Pacific Dispensary for Women and Children, initially known as Children's Hospital and then The Hospital for Children and Training School for Nurses, was a women's and children's hospital founded in 1875 in San Francisco, California. In 1877, it was renamed Children's Hospital. Children's Hospital merged with Presbyterian Hospital in 1991, and within two years, a large joint physician group was established. It was subsequently acquired by California Pacific Medical Center.

==History==
===19th century===
The hospital was established by Drs. Charlotte Blake Brown, Sara E. Brown, and Martha E. Bucknell, as the "Pacific Dispensary for Women and Children" in 1875 at 520 Taylor Street, San Francisco, by a group of eleven philanthropic women including Mrs. D. J. Staples, president; Mrs. A. L. Stone and Elkan Cohen, vice-presidents; Mrs. Oliver W. Easton, treasurer; and Mrs. John Hooper, Mrs. C. A. Wright, Mrs. Irving M. Scott, Mrs. Joseph Healy, Mrs. E. W. Phillips, Mrs. W. T. Wallace, Mrs. Henry Graves, Mrs. Thomas Flint, directors. Healthcare was free, patients charged for medicine. It became a hospital in 1878. The hospital was reincorporated in 1885 as "The Hospital for Children and Training School for Nurses," and was located at 3700 California Street. The staff of those early days contained the names of Mrs. M. E. Bucknell, M. D., Mrs. Charlotte Blake Brown, M. D., and Mrs. Sara E. Brown, M. D. From this small beginning, in 1875, the hospital grew to become a general hospital. It was one of the largest hospitals devoted entirely to women and children patients, with a governing board of women, and an administration and staff largely of women. The school of nursing was the pioneer organization of this class in California.

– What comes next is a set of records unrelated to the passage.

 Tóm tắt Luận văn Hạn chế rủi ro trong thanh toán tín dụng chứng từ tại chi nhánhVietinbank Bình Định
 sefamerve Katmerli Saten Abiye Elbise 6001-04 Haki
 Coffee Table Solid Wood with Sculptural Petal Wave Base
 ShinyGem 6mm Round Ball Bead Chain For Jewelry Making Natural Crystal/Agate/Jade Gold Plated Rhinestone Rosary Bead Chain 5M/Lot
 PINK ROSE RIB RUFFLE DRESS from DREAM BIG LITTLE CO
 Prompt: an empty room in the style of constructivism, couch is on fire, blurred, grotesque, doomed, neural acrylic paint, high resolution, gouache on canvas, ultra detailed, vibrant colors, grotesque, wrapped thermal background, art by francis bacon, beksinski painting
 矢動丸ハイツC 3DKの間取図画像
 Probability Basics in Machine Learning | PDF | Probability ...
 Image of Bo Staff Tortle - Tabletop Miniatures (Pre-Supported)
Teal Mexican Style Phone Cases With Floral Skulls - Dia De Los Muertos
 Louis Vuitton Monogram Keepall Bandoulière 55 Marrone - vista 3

The foundation of the Children's Hospital was made by women physicians. Dr. Martha Bucknall and Dr. Charlotte Blake Brown in 1875 called on 70 women in San Francisco to secure a board of directors of eight women. Women's boards were then a new idea. No YWCA existed, no Associated Charities, no Fruit and Flower Mission. Social service was confined to the boards managing orphanages. This first organization was incorporated as the Pacific Dispensary for Women and Children, and was one of a few hospitals, with New York Infirmary for Women and Children, run by and for women physicians across the United States.

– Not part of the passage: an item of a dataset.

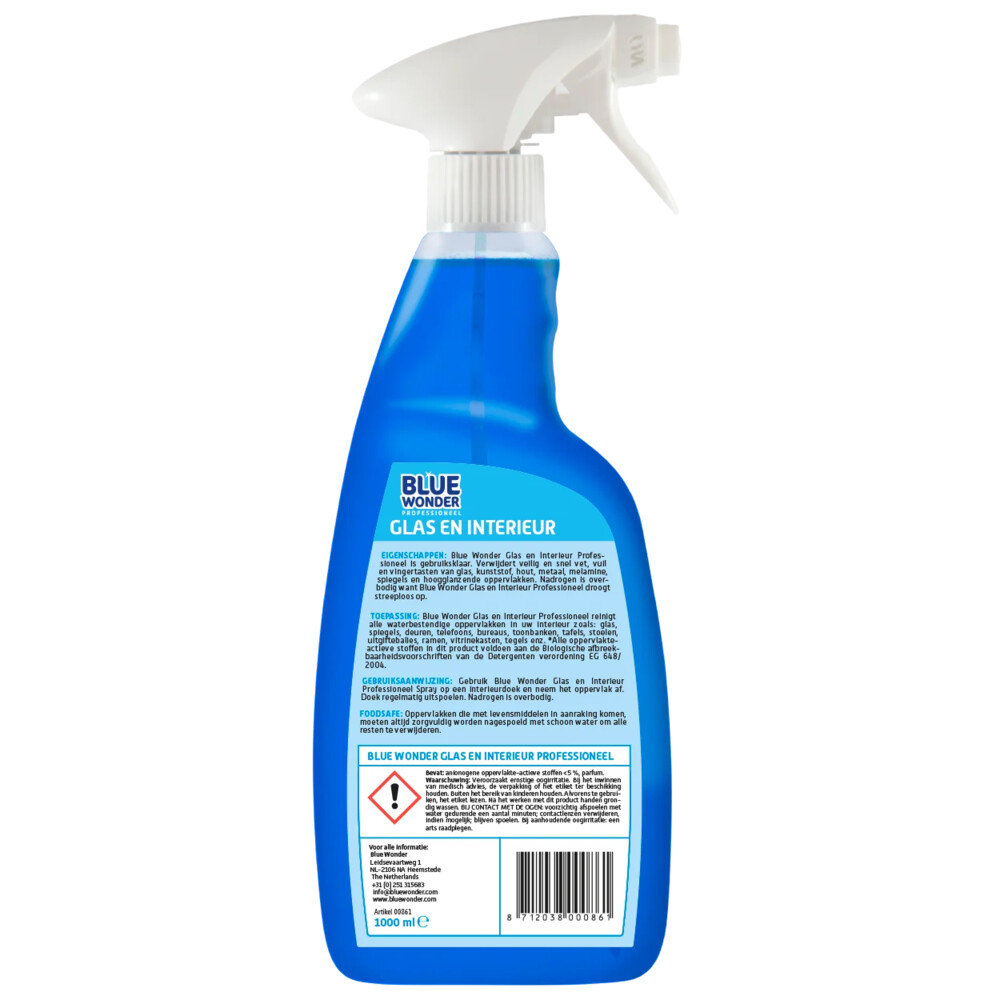Blue Wonder Professionele Glas en Interieur Spray 1 liter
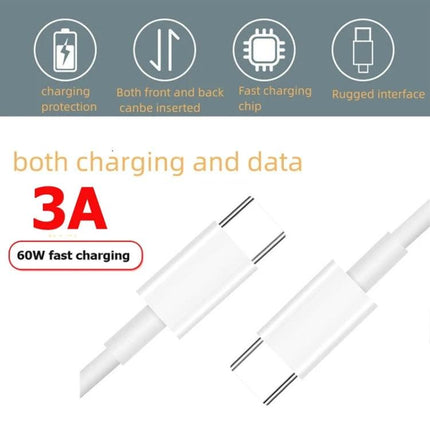 Essential USB-C Cable for Daily Device Charging and Syncing showing white USB-C ends, 3A 60W fast charging and data transfer icons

The purposes of the institution were defined as: "To provide for women the medical aid of competent women physicians and to assist in educating women for nurses and in the practice of medicine and kindred professions." Two examples of the financial straits of the institution during the first ten years of its existence are described here. Dr. Ellen Sargent, who was graduating from the University Medical School and had become interested in the hospital as a medical student, gave up her commencement black silk dress and deposited the money with the hospital to pay the rent to keep it open for another month. At another time of crisis, Dr. Lucy Maria Field Wanzer and Dr. Brown took out their life memberships to avert the same catastrophe. Jessie Astredo Smith was the first graduate. The second class graduated four nurses. In 1889, the attending physicians were Miss Wanzer, Charlotte Blake Browne, and Kate Post-Van Order.

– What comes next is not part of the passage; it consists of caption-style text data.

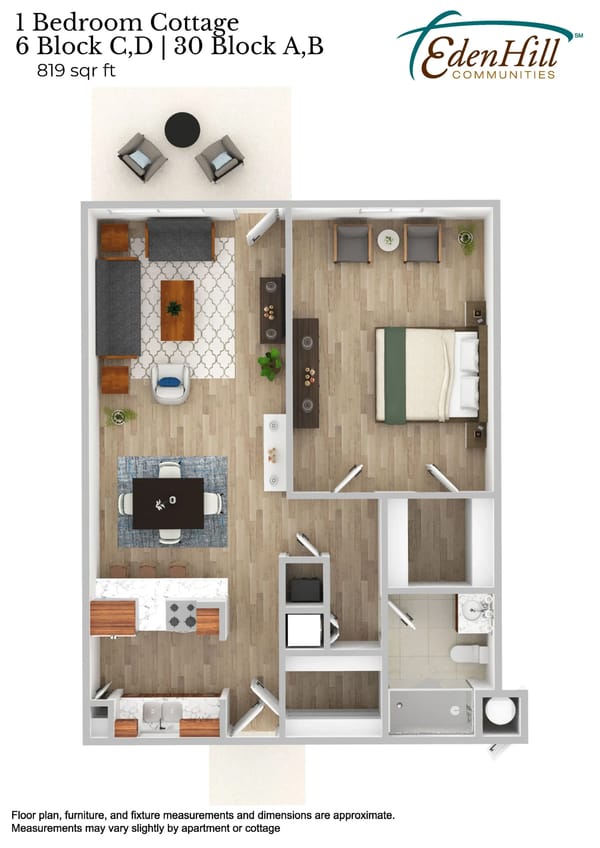Floor plan of a one-bedroom cottage showing living room, kitchen, dining area, b
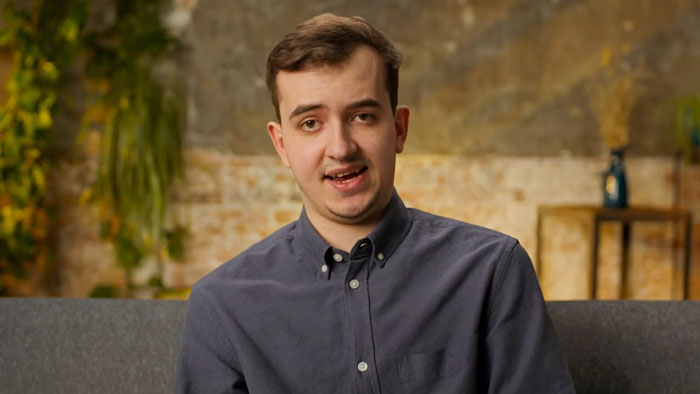 Young man speaking on a reality show about singles taking raunchy challenges to lose their virginity on Virgin Island. Young man speaking on a reality show about singles taking raunchy challenges to lose their virginity on Virgin Island.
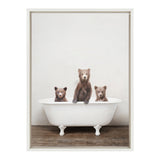 Sylvie Three Little Bears in Vintage Bathtub Framed Canvas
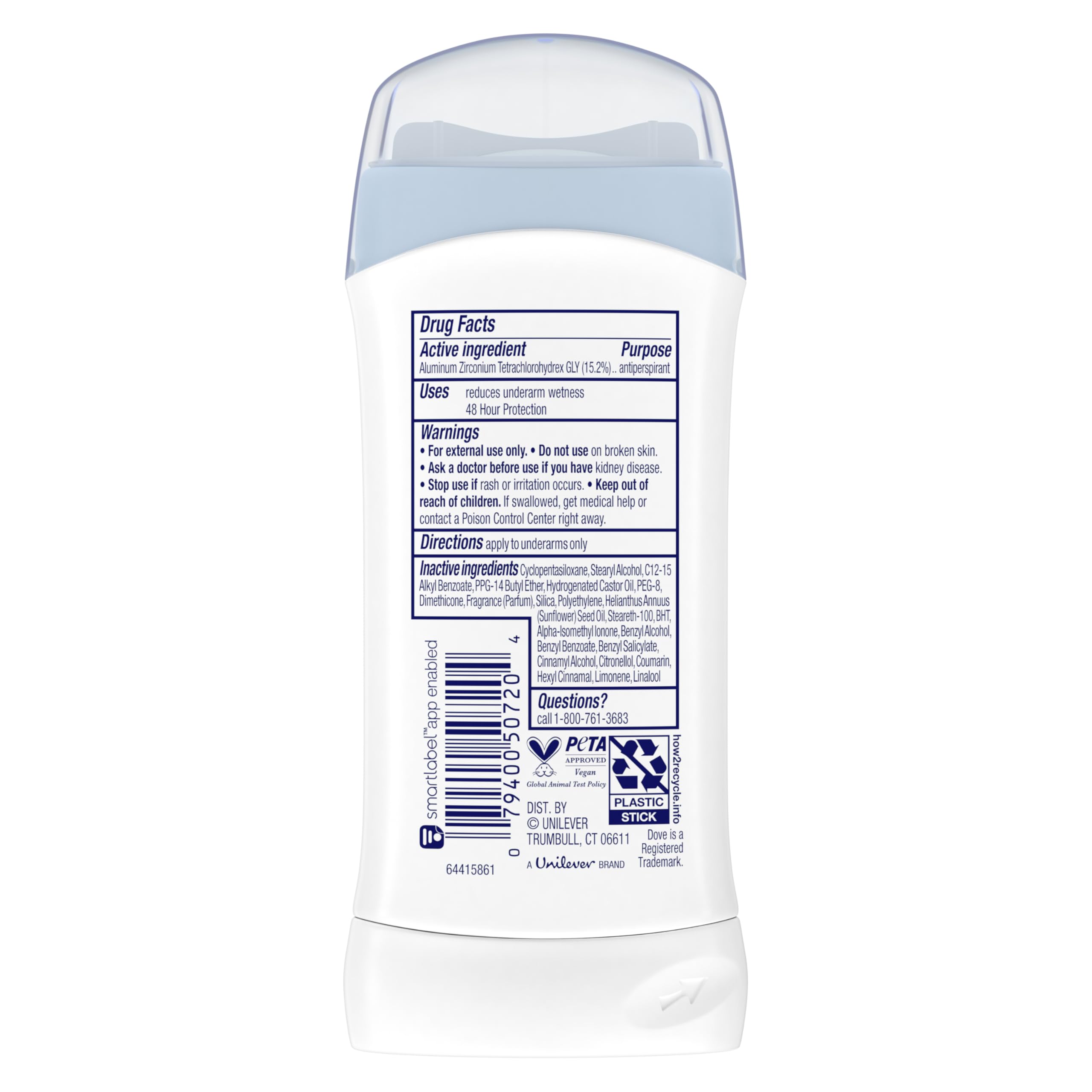 Dove Desodorante Invisible en polvo, protección diaria para todo el día.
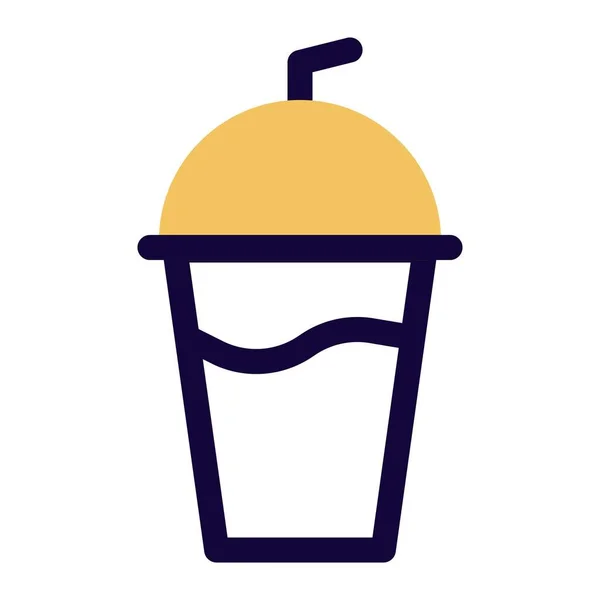Chilled Milkshake Served Takeaway Cup — 图库矢量图片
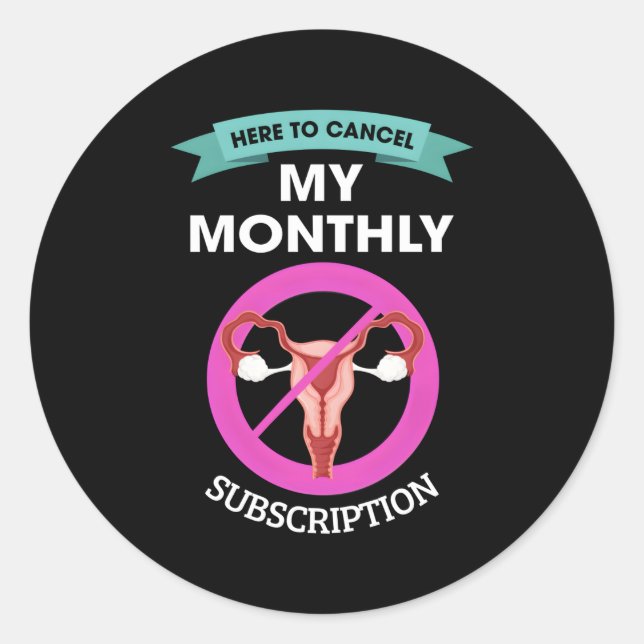 Pegatina Redonda Aquí Para Cancelar Mi Histerio De Suscripción Mens (Anverso)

In 1880, the dispensary opened its Training School for Nurses.

In 1885, the dispensary reincorporated as The Hospital for Children and Training School for Nurses.

The organization relocated five times before moving to a location on California Street in 1887.

In 1991, it became a part of Sutter Health.

===20th century===
In 1906, the San Francisco earthquake and fire damaged the main hospital structure beyond repair.

In 1911, new main building was completed.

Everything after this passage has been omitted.